Task brief.
Please print every line from the one containing "Thumbnail Flat to" through the last line of the records below, exactly as written and nothing more.
(Data provided Opens)
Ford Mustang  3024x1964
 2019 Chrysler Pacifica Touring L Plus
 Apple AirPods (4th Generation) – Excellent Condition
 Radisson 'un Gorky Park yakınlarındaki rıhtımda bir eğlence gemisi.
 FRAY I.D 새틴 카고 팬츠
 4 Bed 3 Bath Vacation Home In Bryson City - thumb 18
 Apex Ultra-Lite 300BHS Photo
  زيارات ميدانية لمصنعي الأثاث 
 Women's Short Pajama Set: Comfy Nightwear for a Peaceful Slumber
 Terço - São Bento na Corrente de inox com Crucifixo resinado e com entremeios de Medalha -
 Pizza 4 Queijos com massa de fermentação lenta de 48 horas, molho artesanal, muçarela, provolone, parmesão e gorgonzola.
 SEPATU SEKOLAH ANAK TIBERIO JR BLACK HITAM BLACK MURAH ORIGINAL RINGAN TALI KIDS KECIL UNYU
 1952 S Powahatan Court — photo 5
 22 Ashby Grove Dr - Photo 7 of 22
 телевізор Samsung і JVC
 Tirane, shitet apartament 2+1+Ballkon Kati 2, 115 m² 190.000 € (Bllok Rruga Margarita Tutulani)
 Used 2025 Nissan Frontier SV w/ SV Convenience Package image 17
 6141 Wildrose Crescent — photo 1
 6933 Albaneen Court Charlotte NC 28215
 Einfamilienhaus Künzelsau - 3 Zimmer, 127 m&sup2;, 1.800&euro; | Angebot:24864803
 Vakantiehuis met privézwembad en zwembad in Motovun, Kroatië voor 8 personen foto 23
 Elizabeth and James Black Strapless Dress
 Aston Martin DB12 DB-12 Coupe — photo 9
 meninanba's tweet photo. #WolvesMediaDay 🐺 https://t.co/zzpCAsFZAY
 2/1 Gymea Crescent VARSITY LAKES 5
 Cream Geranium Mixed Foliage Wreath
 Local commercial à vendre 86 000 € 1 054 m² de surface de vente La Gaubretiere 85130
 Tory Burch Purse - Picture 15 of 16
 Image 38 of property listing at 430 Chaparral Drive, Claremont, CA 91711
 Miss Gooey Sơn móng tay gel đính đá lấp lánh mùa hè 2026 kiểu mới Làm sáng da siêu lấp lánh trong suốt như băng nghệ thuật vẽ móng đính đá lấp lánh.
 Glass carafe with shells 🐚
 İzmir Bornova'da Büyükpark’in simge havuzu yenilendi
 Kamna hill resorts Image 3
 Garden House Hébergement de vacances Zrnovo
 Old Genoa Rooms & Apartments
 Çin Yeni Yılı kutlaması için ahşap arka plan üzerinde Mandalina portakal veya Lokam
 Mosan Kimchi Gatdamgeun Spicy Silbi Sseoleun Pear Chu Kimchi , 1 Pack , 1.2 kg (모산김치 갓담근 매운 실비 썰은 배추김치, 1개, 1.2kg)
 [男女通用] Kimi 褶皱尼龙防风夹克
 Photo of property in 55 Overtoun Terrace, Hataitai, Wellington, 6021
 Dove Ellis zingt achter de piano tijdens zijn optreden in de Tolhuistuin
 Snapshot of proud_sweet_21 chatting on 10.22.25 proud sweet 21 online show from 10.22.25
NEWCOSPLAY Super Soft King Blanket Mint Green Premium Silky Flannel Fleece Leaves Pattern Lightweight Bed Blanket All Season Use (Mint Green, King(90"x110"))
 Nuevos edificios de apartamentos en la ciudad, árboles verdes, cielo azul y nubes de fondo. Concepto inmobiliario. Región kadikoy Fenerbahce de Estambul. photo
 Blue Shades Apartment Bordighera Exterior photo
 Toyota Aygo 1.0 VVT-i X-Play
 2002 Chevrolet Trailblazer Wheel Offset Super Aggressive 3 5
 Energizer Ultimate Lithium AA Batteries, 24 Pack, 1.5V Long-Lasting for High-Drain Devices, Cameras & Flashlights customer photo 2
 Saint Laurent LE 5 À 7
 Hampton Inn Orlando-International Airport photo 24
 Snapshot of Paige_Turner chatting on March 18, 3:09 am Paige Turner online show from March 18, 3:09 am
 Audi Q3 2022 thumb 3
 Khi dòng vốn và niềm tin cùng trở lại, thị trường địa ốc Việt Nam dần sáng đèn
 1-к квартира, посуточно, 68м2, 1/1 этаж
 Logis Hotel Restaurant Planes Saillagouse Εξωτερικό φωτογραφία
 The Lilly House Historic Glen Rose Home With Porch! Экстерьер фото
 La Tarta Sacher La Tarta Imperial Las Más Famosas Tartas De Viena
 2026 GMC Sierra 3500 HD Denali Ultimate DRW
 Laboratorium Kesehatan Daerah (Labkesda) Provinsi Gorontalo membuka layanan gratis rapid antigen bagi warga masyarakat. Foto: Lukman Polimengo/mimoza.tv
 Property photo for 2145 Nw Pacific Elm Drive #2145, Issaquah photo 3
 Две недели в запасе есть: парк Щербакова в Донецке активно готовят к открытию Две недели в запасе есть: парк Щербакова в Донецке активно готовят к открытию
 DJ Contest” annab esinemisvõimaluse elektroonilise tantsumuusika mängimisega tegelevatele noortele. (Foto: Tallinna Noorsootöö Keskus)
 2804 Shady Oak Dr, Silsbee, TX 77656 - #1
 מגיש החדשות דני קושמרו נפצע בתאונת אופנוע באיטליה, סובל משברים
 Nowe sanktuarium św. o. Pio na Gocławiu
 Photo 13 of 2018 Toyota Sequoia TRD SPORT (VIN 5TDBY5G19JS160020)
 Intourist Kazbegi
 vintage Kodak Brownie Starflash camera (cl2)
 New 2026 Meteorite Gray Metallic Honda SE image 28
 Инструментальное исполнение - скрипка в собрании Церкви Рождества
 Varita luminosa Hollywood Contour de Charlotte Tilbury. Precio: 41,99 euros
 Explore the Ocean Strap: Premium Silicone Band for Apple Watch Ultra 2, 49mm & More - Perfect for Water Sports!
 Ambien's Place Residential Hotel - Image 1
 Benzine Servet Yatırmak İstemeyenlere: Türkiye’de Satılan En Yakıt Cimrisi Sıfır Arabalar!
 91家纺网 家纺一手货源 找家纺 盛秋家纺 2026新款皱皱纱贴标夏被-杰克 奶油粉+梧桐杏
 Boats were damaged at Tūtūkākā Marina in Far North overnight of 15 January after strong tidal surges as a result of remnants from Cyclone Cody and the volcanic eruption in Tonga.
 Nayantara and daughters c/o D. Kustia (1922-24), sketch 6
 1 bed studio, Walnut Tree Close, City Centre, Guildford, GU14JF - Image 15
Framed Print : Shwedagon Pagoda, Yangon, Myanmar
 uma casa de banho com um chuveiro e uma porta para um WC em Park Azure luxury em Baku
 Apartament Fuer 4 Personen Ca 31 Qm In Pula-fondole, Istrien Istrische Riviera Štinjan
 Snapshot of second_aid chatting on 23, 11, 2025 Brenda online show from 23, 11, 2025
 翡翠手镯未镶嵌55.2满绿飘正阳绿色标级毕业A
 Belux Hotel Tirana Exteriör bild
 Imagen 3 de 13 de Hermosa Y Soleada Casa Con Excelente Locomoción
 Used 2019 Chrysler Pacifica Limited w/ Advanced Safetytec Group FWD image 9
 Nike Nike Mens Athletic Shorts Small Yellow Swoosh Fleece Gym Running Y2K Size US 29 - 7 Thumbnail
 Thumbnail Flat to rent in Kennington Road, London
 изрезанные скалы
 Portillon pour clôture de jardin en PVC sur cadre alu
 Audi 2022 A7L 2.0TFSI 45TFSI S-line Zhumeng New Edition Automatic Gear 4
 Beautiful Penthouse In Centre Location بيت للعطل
(Data provided Closes)
Solution to the exercise.
 Thumbnail Flat to rent in Kennington Road, London
 изрезанные скалы
 Portillon pour clôture de jardin en PVC sur cadre alu
 Audi 2022 A7L 2.0TFSI 45TFSI S-line Zhumeng New Edition Automatic Gear 4
 Beautiful Penthouse In Centre Location بيت للعطل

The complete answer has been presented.